* Work order
Find the string "Tundra" in the records. Copy every line it appears in.

* Provided data
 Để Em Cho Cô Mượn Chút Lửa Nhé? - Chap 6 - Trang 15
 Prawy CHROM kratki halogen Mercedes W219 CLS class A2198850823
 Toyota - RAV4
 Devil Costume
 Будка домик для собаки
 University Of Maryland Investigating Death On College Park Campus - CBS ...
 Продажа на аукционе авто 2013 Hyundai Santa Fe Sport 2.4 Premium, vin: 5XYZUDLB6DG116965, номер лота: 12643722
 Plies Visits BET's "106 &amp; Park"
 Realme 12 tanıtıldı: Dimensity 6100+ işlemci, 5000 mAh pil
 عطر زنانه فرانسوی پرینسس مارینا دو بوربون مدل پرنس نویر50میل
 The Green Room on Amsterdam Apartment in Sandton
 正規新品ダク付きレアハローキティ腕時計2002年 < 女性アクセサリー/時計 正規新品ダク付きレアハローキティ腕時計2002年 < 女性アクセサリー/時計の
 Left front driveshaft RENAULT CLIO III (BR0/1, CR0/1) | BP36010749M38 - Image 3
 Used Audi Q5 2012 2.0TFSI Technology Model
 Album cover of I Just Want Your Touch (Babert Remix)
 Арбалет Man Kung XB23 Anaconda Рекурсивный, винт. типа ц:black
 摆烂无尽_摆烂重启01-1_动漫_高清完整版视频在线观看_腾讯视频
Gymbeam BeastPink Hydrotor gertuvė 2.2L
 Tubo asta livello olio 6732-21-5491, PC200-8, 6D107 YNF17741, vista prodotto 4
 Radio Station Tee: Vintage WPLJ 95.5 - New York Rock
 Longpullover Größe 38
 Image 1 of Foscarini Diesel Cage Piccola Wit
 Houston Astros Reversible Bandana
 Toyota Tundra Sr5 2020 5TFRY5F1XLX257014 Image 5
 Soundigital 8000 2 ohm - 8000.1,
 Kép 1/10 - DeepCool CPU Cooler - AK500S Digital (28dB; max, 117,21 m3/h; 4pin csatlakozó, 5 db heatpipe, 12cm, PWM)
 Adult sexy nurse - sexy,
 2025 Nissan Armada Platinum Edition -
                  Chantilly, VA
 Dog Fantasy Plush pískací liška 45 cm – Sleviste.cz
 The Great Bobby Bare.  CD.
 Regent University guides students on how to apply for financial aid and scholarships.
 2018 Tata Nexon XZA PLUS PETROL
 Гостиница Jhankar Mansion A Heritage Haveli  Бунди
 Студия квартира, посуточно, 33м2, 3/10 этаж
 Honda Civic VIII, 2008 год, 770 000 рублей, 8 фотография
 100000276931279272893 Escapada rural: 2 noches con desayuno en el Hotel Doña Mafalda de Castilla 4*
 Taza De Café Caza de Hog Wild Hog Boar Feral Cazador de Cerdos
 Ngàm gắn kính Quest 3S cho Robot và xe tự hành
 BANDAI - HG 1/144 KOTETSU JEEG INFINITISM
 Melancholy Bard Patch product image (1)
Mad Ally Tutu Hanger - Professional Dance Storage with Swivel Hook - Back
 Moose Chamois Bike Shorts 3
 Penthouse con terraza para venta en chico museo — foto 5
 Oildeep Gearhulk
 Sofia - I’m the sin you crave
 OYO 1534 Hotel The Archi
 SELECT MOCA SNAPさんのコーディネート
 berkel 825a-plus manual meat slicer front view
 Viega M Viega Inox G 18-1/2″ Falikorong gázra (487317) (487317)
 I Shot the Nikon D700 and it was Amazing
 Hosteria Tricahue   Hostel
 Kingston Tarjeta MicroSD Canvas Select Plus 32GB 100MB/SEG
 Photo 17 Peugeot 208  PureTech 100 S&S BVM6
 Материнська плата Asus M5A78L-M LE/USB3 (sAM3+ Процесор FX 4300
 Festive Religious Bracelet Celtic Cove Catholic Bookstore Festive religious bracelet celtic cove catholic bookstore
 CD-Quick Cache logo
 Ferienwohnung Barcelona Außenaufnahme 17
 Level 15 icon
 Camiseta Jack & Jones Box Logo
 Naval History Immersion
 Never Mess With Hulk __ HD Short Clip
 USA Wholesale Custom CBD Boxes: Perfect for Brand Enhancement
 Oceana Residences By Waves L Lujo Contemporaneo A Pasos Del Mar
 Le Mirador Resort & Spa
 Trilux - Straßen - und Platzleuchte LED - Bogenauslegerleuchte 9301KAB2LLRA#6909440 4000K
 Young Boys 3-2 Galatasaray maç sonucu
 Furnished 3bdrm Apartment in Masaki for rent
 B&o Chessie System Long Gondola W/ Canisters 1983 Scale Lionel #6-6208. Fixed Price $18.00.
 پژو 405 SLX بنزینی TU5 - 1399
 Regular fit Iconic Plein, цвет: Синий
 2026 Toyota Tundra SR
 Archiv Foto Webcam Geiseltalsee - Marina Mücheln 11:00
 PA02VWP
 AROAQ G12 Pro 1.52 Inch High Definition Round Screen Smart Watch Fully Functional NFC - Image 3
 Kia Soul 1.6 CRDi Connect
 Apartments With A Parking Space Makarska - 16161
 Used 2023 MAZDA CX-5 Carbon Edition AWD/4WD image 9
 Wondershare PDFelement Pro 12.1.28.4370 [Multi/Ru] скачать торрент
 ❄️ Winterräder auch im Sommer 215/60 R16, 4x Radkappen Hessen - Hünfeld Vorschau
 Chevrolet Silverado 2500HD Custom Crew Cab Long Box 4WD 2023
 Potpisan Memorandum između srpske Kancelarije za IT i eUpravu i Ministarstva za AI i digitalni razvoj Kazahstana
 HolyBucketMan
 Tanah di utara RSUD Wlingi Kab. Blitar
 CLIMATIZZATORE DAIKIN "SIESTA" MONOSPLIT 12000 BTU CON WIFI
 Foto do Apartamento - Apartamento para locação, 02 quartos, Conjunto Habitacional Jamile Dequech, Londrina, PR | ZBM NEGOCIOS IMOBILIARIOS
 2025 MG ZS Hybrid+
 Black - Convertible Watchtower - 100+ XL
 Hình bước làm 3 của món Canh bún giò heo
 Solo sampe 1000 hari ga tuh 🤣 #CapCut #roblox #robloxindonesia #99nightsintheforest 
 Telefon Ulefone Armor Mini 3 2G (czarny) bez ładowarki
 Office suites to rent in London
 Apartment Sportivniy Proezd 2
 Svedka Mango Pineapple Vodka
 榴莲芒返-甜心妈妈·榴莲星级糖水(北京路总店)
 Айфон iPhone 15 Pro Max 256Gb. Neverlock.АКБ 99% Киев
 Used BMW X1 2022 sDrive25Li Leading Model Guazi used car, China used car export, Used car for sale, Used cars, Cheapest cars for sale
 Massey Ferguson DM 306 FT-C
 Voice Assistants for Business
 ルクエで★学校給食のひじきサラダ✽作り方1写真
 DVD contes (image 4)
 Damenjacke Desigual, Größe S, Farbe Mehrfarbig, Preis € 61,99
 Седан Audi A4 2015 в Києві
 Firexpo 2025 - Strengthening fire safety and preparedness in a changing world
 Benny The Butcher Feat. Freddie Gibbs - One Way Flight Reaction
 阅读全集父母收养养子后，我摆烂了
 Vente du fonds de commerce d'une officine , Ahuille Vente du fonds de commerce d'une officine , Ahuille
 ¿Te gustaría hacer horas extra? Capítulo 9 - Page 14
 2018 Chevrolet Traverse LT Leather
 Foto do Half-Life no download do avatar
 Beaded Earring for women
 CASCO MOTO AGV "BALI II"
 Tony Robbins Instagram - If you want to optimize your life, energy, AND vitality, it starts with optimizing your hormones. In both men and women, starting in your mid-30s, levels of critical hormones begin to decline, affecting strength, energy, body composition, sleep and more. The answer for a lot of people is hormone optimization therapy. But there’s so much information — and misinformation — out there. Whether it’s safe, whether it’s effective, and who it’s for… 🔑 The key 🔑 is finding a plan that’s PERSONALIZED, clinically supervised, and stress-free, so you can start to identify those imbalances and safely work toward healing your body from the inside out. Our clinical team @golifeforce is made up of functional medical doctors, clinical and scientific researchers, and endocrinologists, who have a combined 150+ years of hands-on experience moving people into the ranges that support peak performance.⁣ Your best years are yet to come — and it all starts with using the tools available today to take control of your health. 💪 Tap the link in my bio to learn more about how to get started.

* Output
 Toyota Tundra Sr5 2020 5TFRY5F1XLX257014 Image 5
 2026 Toyota Tundra SR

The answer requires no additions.